In 1928, bestselling author Edna Ferber visited the Osage to research a novel about the Oklahoma land run and the discovery of oil. Her novel, “Cimarron,”set in the fictional town of Osage, was also the basis of movies made in 1930 and in 1960.  

Her main character, Yancey Cravat, was swashbuckling, as in adventurous and flamboyant. Larger than life with mythic origins, he was a newspaper editor of, “The Wigwam,” and a lawyer married to the daughter of a pioneer family from Wichita. Yancey was a champion for Natives, which earned him criticism from settlers.

Ferber wrote “Rumor … floated about the head of Yancey Cravat. They say he has Indian blood in him. They say he has an Indian wife somewhere, and a lot of papooses. Cherokee. They say … his real name is Cimarron Seven, of the Choctaw Indian family of Sevens.”

As one of the few books set in the Osage, it was one of the late Osage News’ columnist and author Charles Red Corn’s favorite novels, along with Hemingway’s, “The Sun Also Rises,” according to his son Yancey Redcorn. In fact, Yancey told me, he is named after the novel’s protagonist.

Ferber came to the Osage to research the story. She was a reporter, who brought an eye for detail and for a dramatic story. She spoke with Lillian Matthews, and also, tried and failed to set up a visit with Alexander Joseph Tall Chief according to Michael Snyder in his essay“Cimarron Mania,” in his recent publication, “Our Osage Hills,” a collection of columns that John Joseph Mathews wrote for the Pawhuska Journal-Capital between 1930-1931 augmented by Snyder’s essays amplifying the era.

Edna Ferber was an established writer by the time she approached Oklahoma as a topic. The daughter of a Jewish Hungarian immigrant, who settled in Michigan initially, Ferber published her first novel in 1911. She became a New York Times bestselling author when she won the Pulitzer Prize for “So Big” in 1924.

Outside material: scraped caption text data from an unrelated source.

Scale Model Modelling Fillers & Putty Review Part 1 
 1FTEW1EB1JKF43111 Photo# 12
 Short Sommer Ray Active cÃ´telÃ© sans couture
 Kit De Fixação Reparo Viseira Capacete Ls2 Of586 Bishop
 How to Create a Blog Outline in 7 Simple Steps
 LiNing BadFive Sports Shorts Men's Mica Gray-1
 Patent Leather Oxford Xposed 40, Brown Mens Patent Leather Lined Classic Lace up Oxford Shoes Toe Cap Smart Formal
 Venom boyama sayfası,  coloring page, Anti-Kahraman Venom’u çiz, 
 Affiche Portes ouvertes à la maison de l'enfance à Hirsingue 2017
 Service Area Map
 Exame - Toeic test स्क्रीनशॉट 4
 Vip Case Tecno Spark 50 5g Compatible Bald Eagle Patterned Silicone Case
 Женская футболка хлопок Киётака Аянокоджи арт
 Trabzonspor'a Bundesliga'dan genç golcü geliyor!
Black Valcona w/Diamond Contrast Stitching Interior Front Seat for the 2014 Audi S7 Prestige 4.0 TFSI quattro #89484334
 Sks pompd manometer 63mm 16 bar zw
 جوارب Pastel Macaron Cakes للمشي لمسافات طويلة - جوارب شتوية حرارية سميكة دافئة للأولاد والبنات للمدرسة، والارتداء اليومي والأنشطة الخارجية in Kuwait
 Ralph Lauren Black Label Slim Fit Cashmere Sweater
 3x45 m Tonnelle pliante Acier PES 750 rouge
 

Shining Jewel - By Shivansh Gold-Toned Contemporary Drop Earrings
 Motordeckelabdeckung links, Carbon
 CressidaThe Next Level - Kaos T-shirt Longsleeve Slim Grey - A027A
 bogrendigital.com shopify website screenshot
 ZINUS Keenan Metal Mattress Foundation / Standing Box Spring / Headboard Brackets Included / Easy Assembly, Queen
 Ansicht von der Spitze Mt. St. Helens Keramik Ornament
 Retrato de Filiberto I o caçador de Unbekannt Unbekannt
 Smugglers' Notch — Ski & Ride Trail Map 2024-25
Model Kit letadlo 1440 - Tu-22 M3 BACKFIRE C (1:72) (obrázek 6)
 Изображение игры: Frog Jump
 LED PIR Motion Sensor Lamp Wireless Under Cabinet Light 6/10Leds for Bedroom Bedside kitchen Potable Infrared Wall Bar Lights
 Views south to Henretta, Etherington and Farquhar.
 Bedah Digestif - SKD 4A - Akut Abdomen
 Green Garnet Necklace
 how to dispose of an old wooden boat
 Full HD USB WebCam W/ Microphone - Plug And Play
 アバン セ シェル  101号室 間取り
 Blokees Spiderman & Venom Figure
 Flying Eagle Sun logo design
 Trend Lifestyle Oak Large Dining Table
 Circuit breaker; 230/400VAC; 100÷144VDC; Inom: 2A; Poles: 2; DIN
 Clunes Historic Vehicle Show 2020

“Cimarron” is an energetic, sprawling multigenerational tale, tackling the conflicts between law and order in the settlement of Oklahoma. For me, the experience of reading the novel is mixed. There’s the excitement of seeing Osages on the page. She writes “Ranged along the rear of the tent were the Indians. Osages, Poncas, Cherokees, Creeks … The Osages wore their blankets, striped orange, purple, green, scarlet, blue.” Unfortunately, there’s the let down as Ferber devolves into negative stereotypes about Indians and anti-Black sentiment.  

Ferber’s wit shines— a stuffy old Southern family is named Venable, not far from Venerable, but her parochial perspective and contemporary attitudes on race make the novel a difficult read.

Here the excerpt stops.